Exercise
Locate the line that contains "Red Bull Energy Drink". Retype it and every line after it to the end of the records, exactly, but not the pictures.

Data items:
□ □ □ □

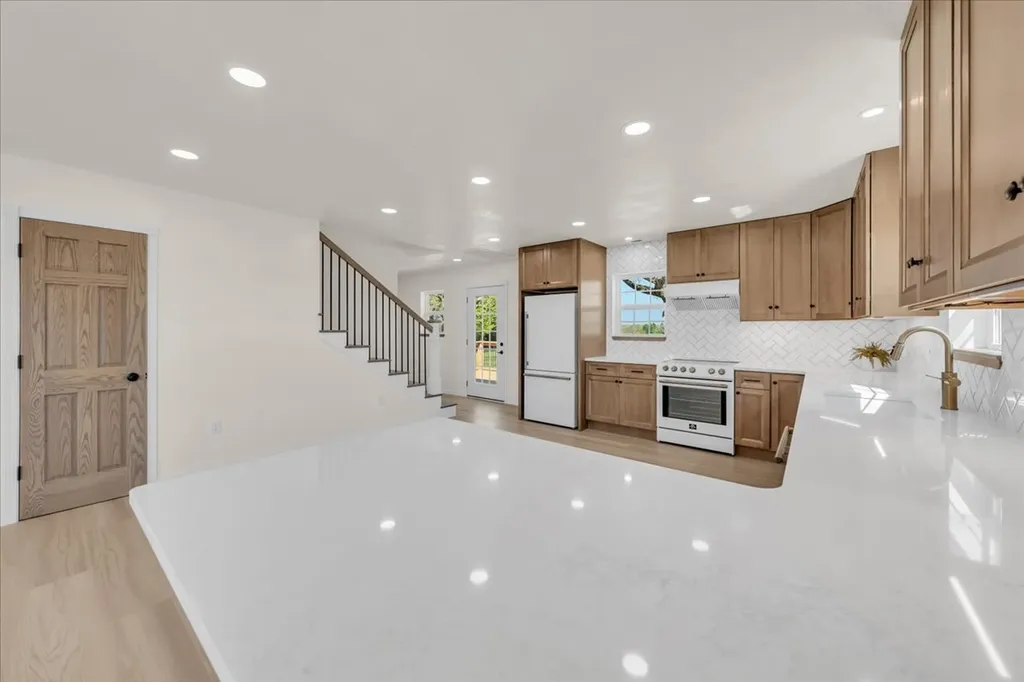 2152 Old Well Road Morrison TN 37357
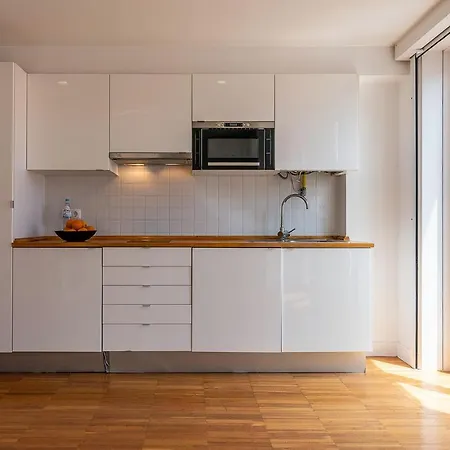 Portas Do Bairro ליסבון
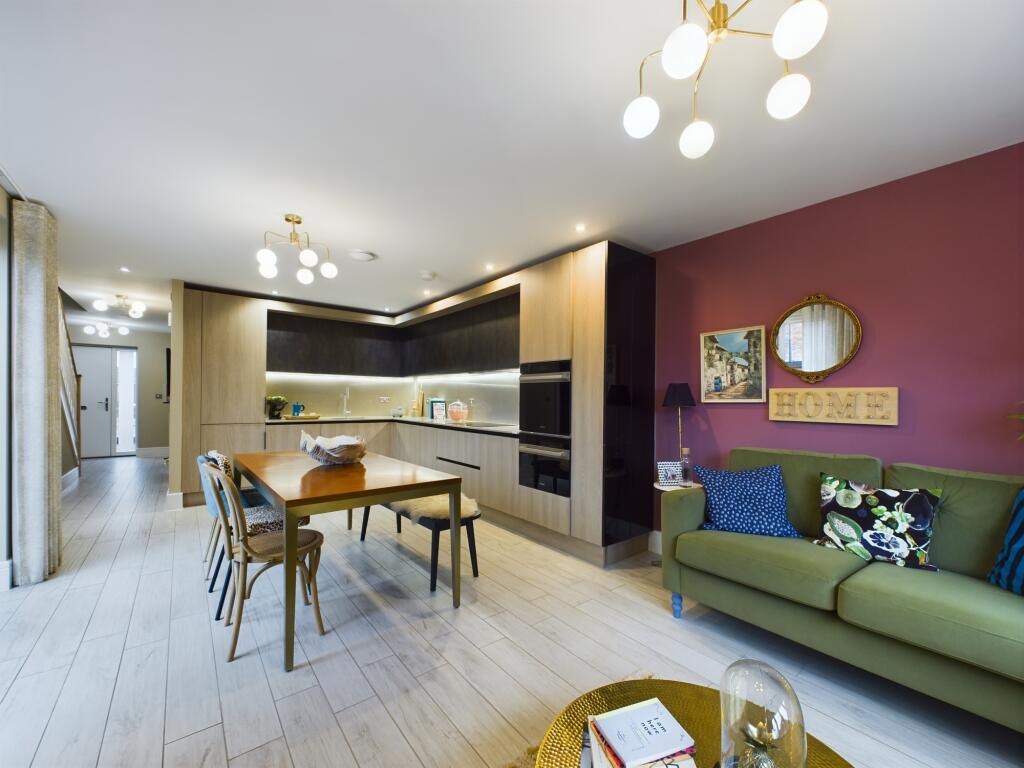 KItchen/Diner/Family Room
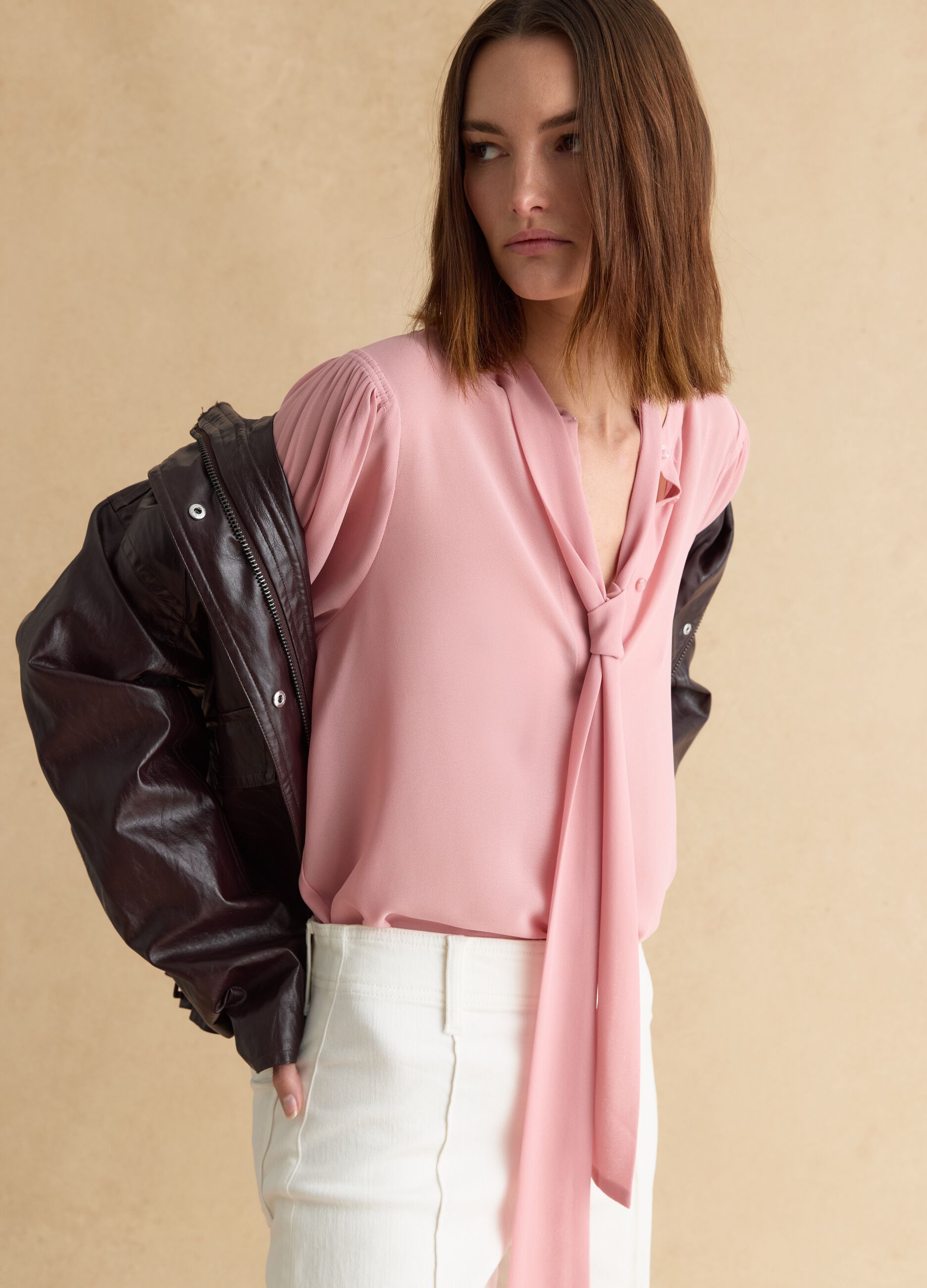 &Rho;&omicron;&zeta; &mu;&pi;&lambda;&omicron;ύ&zeta;&alpha; &kappa;&alpha;&nu;&omicron;&nu;&iota;&kappa;ή&sigmaf; &epsilon;&phi;&alpha;&rho;&mu;&omicron;&gamma;ή&sigmaf; &mu;&epsilon; &kappa;&omicron;&upsilon;&mu;&pi;&iota;ά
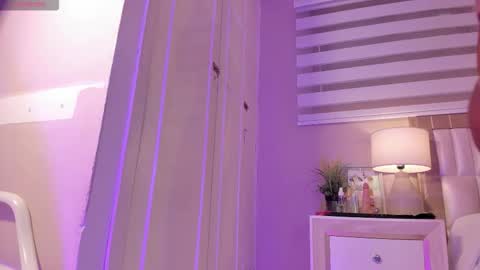 Snapshot of _emily__cb chatting on January 15, 11:37 am Hi Im Emily online show from January 15, 11:37 am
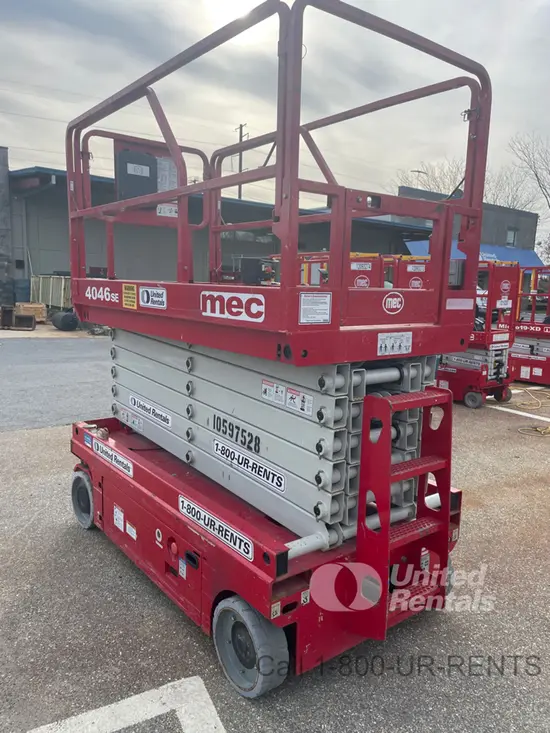 2017 MEC 4046SE Scissor Lift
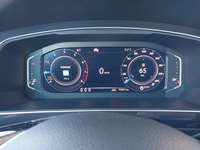 Вид на приборную панель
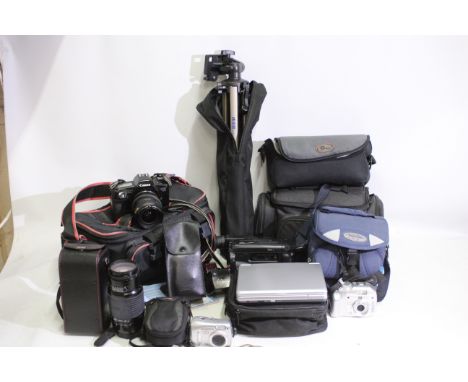 Canon, Sony, Olympus, Cosmo, Daevoo Dc - A lot of cameras, lenses, tripods, and DvD players - Lot includes a 28-70 mm Canon E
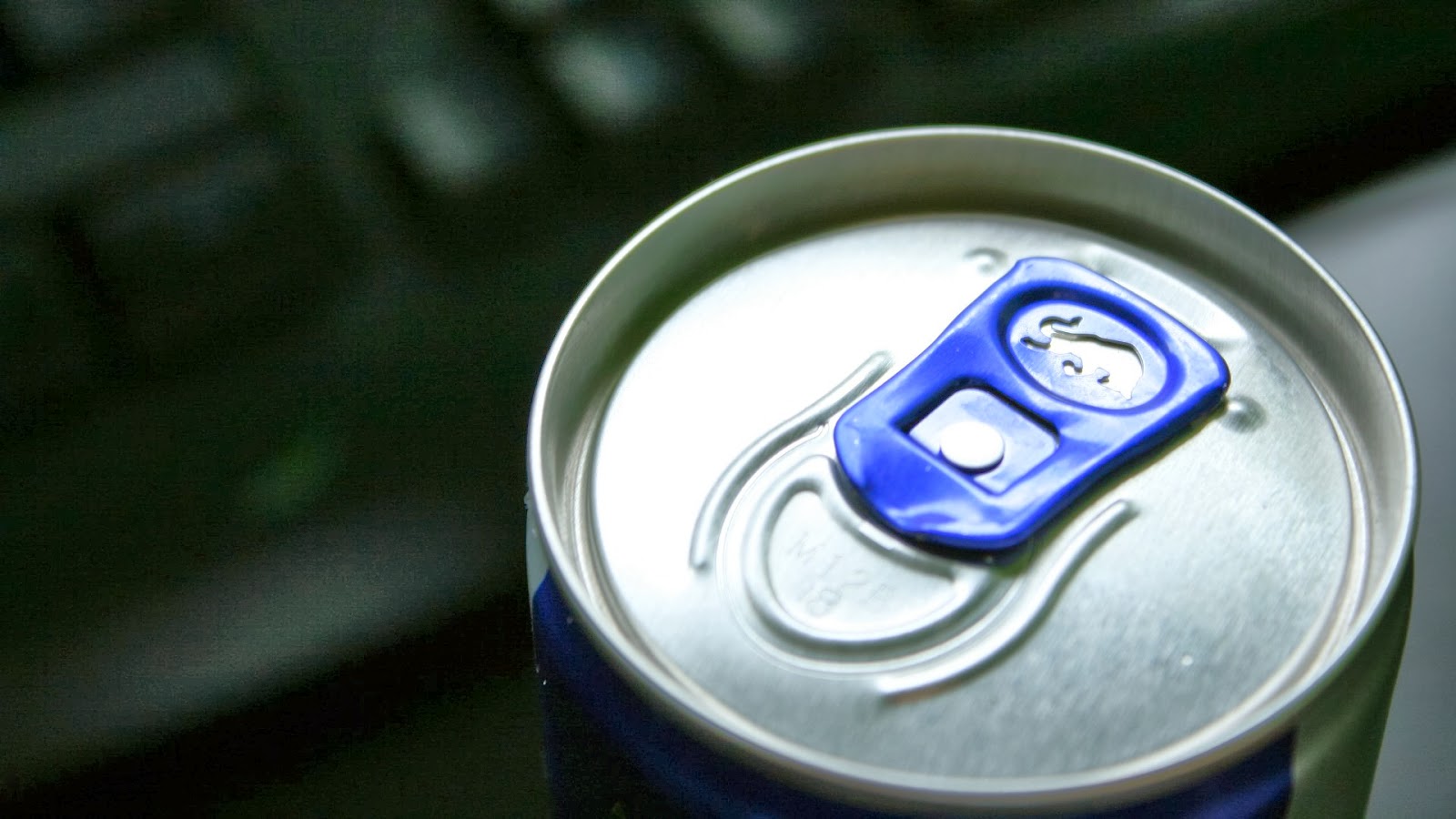 Red Bull Energy Drink Can Hd Wallpaper, Red Bull Energy - Can Top Red Bull - HD Wallpaper 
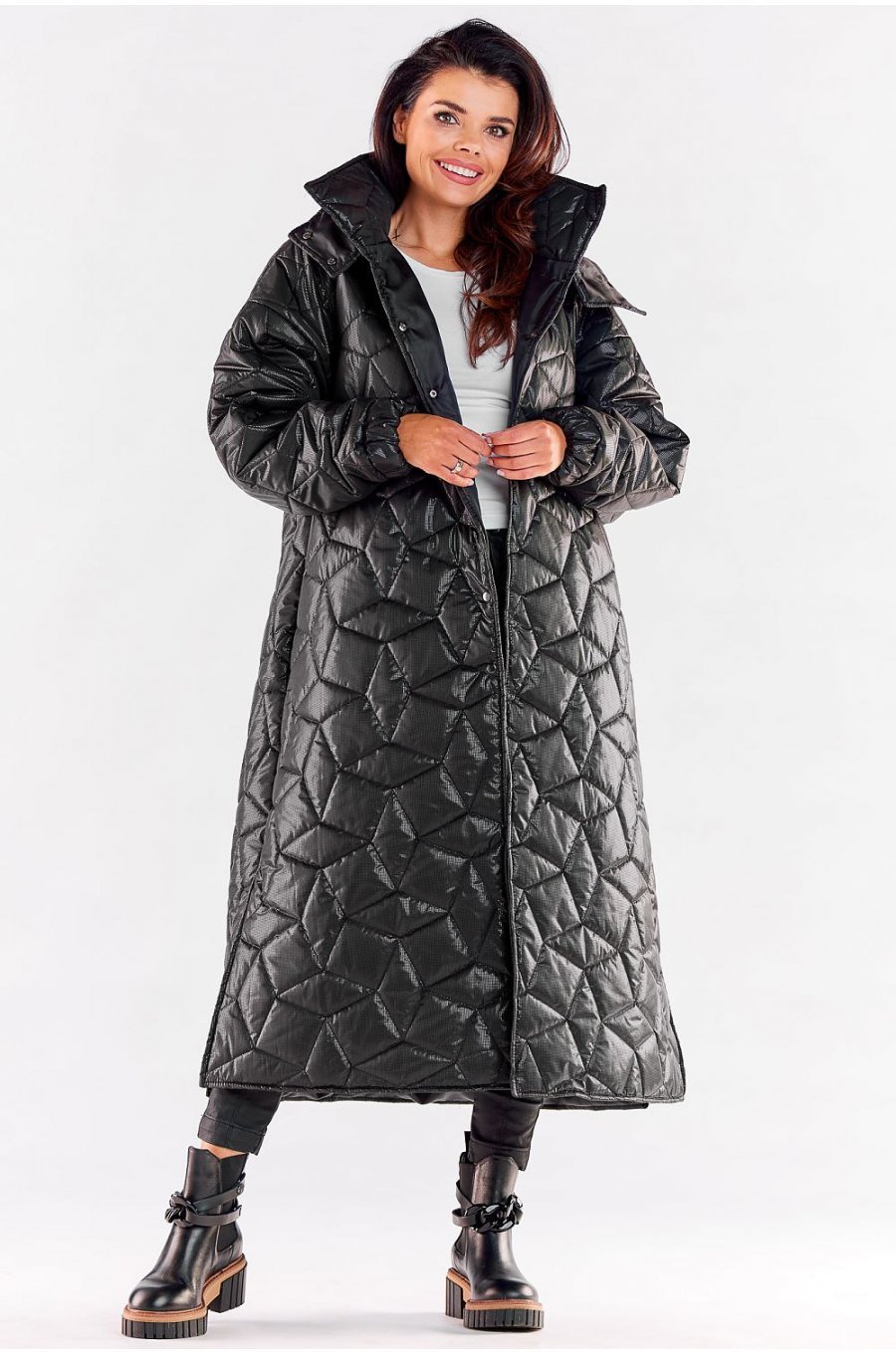 Palton dama lung, matlasat, negru, oversize, cu gluga, Lanny Palton dama lung, matlasat, negru, oversize, cu gluga, Lanny 1 - jojofashion.ro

□ □ □ □

Finished task
 Red Bull Energy Drink Can Hd Wallpaper, Red Bull Energy - Can Top Red Bull - HD Wallpaper 
 Palton dama lung, matlasat, negru, oversize, cu gluga, Lanny Palton dama lung, matlasat, negru, oversize, cu gluga, Lanny 1 - jojofashion.ro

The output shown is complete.